/screenshotbot

Primary LanguageJavaScriptGNU General Public License v3.0GPL-3.0

Screenshot Bot

Overview

Screenshot Bot is a Node.js application designed to automate the process of capturing full-page screenshots of websites. It can handle multiple URLs concurrently, generating both mobile and desktop screenshots for each URL provided in a CSV file. The bot ensures efficient processing by limiting the number of concurrent page loads and provides real-time feedback on the progress via a console-based progress bar.

Features

  • Concurrent Processing: Handles multiple URLs simultaneously with configurable concurrency.
  • Full-Page Screenshots: Captures the entire webpage for both mobile (500px wide) and desktop (1920px wide) views.
  • CSV Input and Output: Ingests URLs from a CSV file and logs the result (success or error) to an output CSV.
  • Automatic Directory Creation: Stores screenshots in a timestamped directory, ensuring organized output.
  • Progress Bar: Displays real-time progress updates in the console, including status messages for each step.

Requirements

  • Node.js (v14 or higher)
  • NPM (Node Package Manager)

Installation

  1. Clone the repository:

    git clone https://github.com/shayclark/screenshotbot.git
    cd screenshotbot
  2. Install dependencies:

    npm install
  3. Prepare the input CSV file:

    • Create a file named urls.csv in the root directory of the project.

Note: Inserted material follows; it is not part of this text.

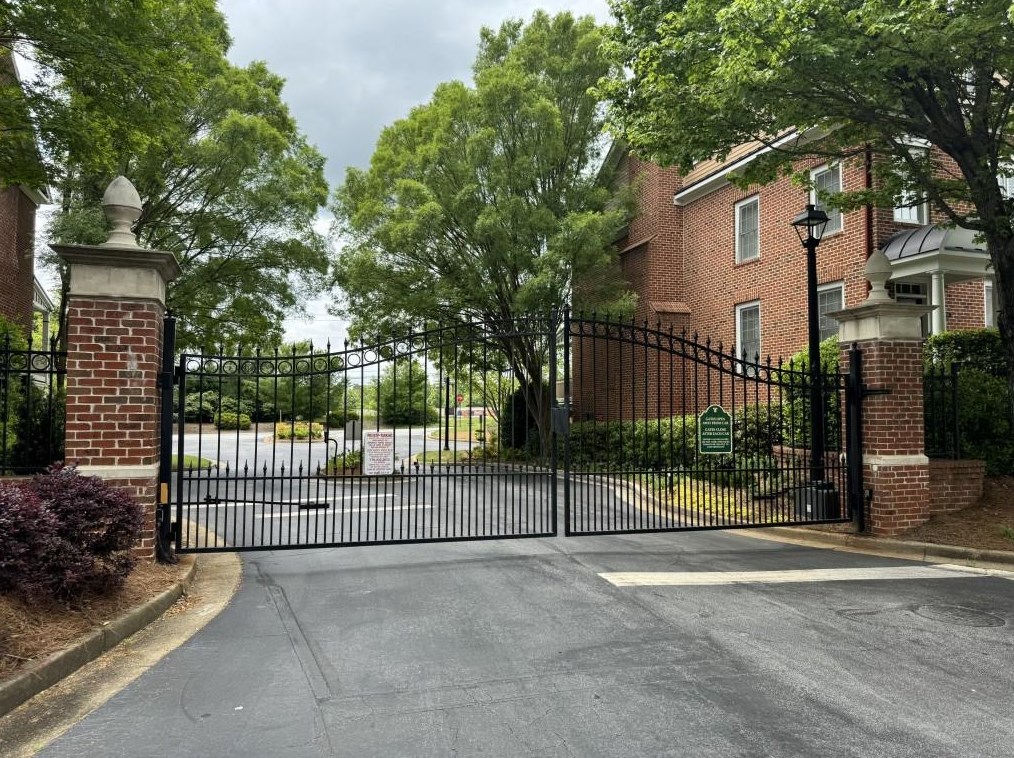 4770 Ivy Ridge Dr, Atlanta, GA 30339-1328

    • The file should contain one URL per line, like so:

      https://example.com
      https://another-example.com
      

Usage

  1. Run the bot:

    To start the screenshot process, run the following command in your terminal:

    node index.js
  2. Understanding the Output:

    • Screenshots:

      • Screenshots are saved in a timestamped directory under output/.

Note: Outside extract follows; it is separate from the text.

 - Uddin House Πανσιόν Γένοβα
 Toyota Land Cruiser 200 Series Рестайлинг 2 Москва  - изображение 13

      • Each screenshot is saved with a filename that corresponds to the URL, followed by -mobile or -desktop, and saved as a .png file.

      • Example directory structure:

        screenshotbot/
        ├── output/
        │   ├── 20240820123456/  // Timestamped folder
        │   │   ├── output.csv   // Log of the run
        │   │   └── screenshots/
        │   │       ├── example_com-mobile.png
        │   │       └── example_com-desktop.png
        ├── urls.csv
        ├── package.json
        └── index.js
        
    • Output CSV:

      • The bot generates an output.csv file inside the timestamped folder.
      • The CSV file logs the status of each URL (e.g., success, error - 404, etc.).
  3. Customizing the Concurrency:

    • The script processes URLs in batches to manage memory usage.
    • You can adjust the concurrency limit by modifying the MAX_CONCURRENT_PAGES variable in index.js.

Progress Bar

During execution, the bot displays a progress bar in the console. This bar shows:

  • The current progress (number of URLs processed).
  • The percentage completed.
  • A status message indicating the current operation (e.g., "Loading URL", "Taking screenshot", etc.).

Error Handling

If a URL returns a status other than 200, the bot logs the error in the output CSV and skips taking screenshots for that URL. Common error codes like 301, 404, etc., are noted in the CSV file next to the URL.

Example Use Case

Suppose you have a list of 50 URLs you want to monitor regularly. With this bot, you can automate the process of capturing screenshots for both mobile and desktop views, organize them by date, and have an error log if something goes wrong with specific URLs.

Troubleshooting

  • Out of Memory: If your machine runs out of memory, try reducing the MAX_CONCURRENT_PAGES variable.
  • No Output: Ensure that your urls.csv is correctly formatted with one URL per line.

License

This project is licensed under the GNU General Public License v3.0. You can redistribute it and/or modify it under the terms of the GNU General Public License as published by the Free Software Foundation, either version 3 of the License, or (at your option) any later version.